Once the characterisation of the synthesised gold colloid was performed that provided the mean nanoparticle diameter ((5.7 ± 1.5) nm) and the concentration (1.7 × 10⁻⁸ M AuNPs), features necessary for the thoroughly study of the CB7-stabilized gold suspension for its use as catalyst, systematic measurements were performed. In these, the catalyst amount was varied at a fixed temperature and, for a fixed volume of the gold colloid, the temperature was changed. These permitted to calculate the apparent kinetic constants and the activation energies, respectively.

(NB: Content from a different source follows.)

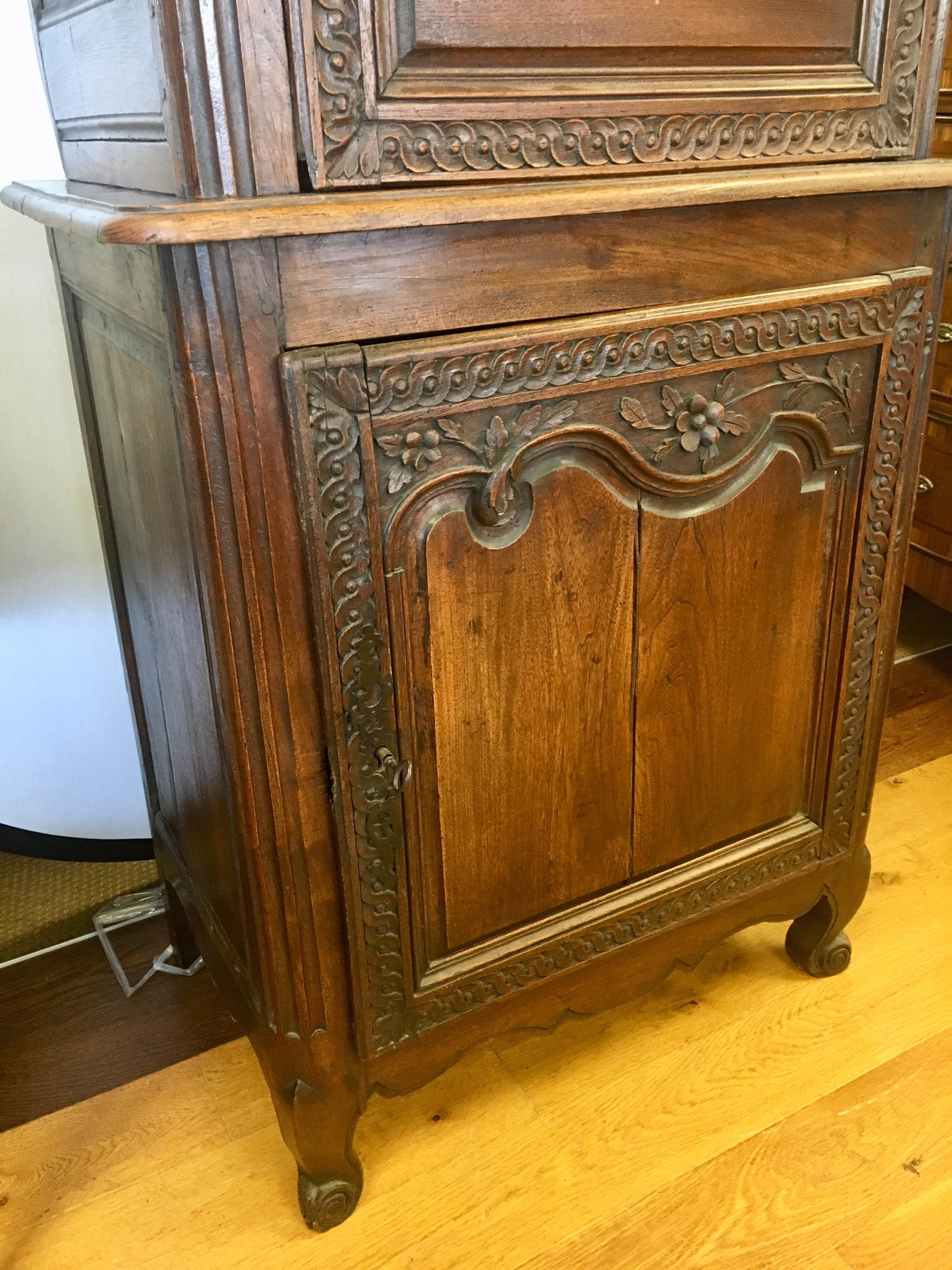 Exceptional Carved French Cabinet Armoire Early 19th Century Wardrobe 5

Once the compound to be transformed, the reducing agent (sodium borohydride) and the catalyst were added to a cuvette, the reaction progress was followed by UV-Vis spectroscopy. The mathematical treatment of the signal was simplified considering that, when working with an excess of NaBH₄ respect of 4-NP such as herein, the data can be treated as a first-order kinetic with respect to the 4-NP concentration. In this conditions, the integrated rate equation is ln(C_t/C₀) = −k_appt, where C_t is the 4-NP concentration at a time t, C₀ is the 4-NP initial concentration and k_app is the apparent pseudo-first order kinetic constant. As (C_t/C₀) is directly related to the ratio of the respective absorbances, therefore, k_app can be evaluated from the slope of the plot ln(Abs_t/Abs₀) vs. time.^3,33,37–42

As detailed in the Experimental section, the compounds solutions were consecutively added for the 4-NP reduction reaction. A 5.0 × 10⁻⁵ M 4-NP aqueous solution is uncoloured but, upon addition of a NaBH₄ solution to obtain a NaBH₄/4-NP molar ratio of 100, the solution turns to an intense yellow that reveals the presence of 4-nitrophenolate. This change in the solution was observed in the UV-Vis spectra in the form of a shift in the maximum of the absorption band from 317 nm (corresponding to 4-NP, black line in Fig. 2(a)) to 400 nm when 4-nitrophenolate is the predominant ion in solution as it is depicted in Fig. 2(a). Only when the AuNPs colloidal suspension was added, the reaction began so the 4-nitrophenolate band decreased and a new band at 315 nm (4-aminophenol, 4-AP, product of the reduction reaction) arose.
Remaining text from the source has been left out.